In this part, I computed the H matrix which has 8 degrees of freedom using 4 points labelled on both images. I
computed H by solving the following system of linear equations.
Stack the below 4 times for each of the 4 point correspondences:
P = [-x_i, -y_i, -1, 0, 0, 0, x_i * x'_i, y_i * x'_i, x'_i],
[0,0,0,-x_i, -y_i, -1, x_i * y'_i, y_i * y'_i, y'_i]
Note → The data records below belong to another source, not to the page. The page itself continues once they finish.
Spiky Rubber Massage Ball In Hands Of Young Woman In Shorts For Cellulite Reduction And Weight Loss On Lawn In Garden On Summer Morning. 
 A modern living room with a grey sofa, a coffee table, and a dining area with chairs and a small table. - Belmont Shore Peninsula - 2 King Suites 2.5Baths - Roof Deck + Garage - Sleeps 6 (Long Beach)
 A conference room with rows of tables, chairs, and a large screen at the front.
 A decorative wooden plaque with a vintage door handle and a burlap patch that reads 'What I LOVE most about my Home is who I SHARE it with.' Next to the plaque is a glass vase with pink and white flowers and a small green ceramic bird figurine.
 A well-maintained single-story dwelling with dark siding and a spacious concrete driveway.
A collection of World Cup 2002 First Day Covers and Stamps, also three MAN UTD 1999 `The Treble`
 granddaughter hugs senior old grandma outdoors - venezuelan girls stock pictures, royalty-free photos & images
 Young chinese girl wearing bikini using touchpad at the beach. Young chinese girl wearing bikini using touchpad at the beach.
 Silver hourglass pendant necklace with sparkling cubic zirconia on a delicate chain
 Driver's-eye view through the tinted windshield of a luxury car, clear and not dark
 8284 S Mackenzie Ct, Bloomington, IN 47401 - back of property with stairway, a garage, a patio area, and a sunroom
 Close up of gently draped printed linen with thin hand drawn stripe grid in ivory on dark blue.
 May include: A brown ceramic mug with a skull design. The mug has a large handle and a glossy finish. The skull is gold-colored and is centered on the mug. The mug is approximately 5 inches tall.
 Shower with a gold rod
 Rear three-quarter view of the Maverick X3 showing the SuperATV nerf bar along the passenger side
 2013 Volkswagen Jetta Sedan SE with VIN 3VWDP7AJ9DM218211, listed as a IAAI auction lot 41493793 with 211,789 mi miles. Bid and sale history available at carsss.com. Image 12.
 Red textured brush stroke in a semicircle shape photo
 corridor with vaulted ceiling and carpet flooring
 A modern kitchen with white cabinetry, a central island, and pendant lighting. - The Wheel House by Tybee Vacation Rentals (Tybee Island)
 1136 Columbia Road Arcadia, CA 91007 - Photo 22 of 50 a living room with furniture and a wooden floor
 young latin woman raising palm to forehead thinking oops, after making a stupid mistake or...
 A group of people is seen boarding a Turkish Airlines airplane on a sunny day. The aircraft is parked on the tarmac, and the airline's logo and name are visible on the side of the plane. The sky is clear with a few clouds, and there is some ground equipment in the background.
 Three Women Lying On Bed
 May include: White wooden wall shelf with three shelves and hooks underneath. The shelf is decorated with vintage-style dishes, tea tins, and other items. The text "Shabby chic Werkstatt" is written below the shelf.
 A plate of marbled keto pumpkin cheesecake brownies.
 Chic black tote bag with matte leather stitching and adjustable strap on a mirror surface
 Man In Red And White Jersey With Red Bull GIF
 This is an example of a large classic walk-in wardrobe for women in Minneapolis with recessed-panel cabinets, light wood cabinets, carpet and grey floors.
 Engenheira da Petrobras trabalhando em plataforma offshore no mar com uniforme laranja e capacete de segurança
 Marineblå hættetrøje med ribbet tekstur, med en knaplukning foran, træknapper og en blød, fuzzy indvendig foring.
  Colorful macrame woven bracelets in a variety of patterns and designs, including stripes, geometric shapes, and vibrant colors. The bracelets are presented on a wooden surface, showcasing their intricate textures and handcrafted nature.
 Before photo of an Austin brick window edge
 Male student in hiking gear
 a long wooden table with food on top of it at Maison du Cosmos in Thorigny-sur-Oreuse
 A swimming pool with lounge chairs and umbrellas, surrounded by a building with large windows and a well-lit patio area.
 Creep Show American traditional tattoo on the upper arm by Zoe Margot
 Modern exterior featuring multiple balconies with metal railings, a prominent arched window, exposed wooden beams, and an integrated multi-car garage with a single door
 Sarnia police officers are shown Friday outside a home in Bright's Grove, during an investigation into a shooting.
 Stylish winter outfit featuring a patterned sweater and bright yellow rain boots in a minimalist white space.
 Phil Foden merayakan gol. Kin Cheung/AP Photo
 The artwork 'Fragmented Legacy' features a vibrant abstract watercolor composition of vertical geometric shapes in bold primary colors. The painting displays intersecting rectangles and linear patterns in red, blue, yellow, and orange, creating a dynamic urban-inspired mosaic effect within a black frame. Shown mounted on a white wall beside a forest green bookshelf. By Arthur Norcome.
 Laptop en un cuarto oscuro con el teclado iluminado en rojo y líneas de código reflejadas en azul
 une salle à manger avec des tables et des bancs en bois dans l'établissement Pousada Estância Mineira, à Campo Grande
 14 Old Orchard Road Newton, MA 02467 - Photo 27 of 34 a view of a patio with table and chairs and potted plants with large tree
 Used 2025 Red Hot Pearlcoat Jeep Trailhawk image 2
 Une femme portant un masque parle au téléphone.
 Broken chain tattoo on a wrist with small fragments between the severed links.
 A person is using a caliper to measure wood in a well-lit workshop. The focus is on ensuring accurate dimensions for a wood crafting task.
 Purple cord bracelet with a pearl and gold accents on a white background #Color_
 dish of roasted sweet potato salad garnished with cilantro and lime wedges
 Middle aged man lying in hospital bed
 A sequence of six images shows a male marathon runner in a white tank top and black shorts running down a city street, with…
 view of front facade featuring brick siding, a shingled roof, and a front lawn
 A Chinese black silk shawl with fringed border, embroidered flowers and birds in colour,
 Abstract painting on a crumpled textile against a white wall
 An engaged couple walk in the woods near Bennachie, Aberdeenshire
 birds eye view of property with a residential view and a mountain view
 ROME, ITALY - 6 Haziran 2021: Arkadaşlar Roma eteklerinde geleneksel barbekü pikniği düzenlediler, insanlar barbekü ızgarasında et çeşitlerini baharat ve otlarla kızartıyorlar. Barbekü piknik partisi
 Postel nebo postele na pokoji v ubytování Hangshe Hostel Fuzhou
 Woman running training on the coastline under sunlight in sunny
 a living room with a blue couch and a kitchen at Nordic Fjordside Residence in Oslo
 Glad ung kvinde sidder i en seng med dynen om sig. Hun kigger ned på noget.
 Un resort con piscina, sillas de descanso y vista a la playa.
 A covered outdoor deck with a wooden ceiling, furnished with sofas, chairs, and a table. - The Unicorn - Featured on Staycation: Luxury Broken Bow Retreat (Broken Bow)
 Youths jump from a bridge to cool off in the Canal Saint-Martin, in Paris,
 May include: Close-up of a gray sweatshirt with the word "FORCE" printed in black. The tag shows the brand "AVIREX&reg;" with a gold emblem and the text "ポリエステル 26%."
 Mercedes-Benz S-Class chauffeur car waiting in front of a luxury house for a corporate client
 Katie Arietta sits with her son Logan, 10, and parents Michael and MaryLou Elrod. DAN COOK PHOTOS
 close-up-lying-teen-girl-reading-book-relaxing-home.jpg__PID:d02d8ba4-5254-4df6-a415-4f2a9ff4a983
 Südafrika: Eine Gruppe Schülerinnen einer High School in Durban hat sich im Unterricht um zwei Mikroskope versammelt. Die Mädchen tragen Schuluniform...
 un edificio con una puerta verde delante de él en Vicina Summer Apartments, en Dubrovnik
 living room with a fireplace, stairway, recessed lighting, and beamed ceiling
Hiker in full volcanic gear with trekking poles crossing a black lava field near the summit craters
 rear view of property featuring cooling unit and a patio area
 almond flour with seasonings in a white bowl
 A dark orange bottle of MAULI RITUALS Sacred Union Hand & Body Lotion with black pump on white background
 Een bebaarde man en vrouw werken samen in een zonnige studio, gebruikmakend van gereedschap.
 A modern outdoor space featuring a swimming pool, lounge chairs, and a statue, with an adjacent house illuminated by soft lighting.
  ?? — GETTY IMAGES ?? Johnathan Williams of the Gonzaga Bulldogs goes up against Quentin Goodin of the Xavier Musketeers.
H = [h1, h2, h3, h4, h5, h6, h7, h8, h9]^T
PH = 0
Image Warp
I used the H matrix calculated above to do an image warp. First, I applied H on the vertices of the source image
in order to find the bounding box for the transformed image. Next, I iterated through the pixels of the
destination image and colored them based on the interpolated points from the source image.
Image Rectification
For this part, I marked the points of a rectangular image and then warped the image into a square shape.
Mosaic
Using the image warped images and some blending, I was able to get a mosaic.
Part B
Harris Corners
Harris Corners were implemented by the amazing Prof. Alyosha Efros and/or amazing course staff. These points are
very distinct compared to their background based on the gradient change. Some changes I made to the starter code
were to use min_distance of 15 in order to reduce the number of points outputted so that anms would run in a
reasonable amount of time.
Adaptive Non-maximal Suppression
Next, I used the adaptive non-maximal suppression technique (which ran very slowly before the aforementioned
optimization). This part works by taking only the maximum point for a certain radius in order to ensure that
there were sufficient keypoints throughout the image and not just in one noisy patch.
Feature Descriptor
I took the 40 pixels surrounding the pixel of interest, applied a gaussian blur to the region, downsampled, and
normalized in order to get a 8x8x3 descriptor of the region.
Feature Matching
Next, I compared the features and created pairs when 2 keypoints were the best match in terms of SSD error.
RANSAC
RANSAC goes through random sets of 4 keypoints, determines the corresponding homography & the keypoints
associated with that homography, and then determines which has the max number of inliers. We then compute a
homography based on the max inliers.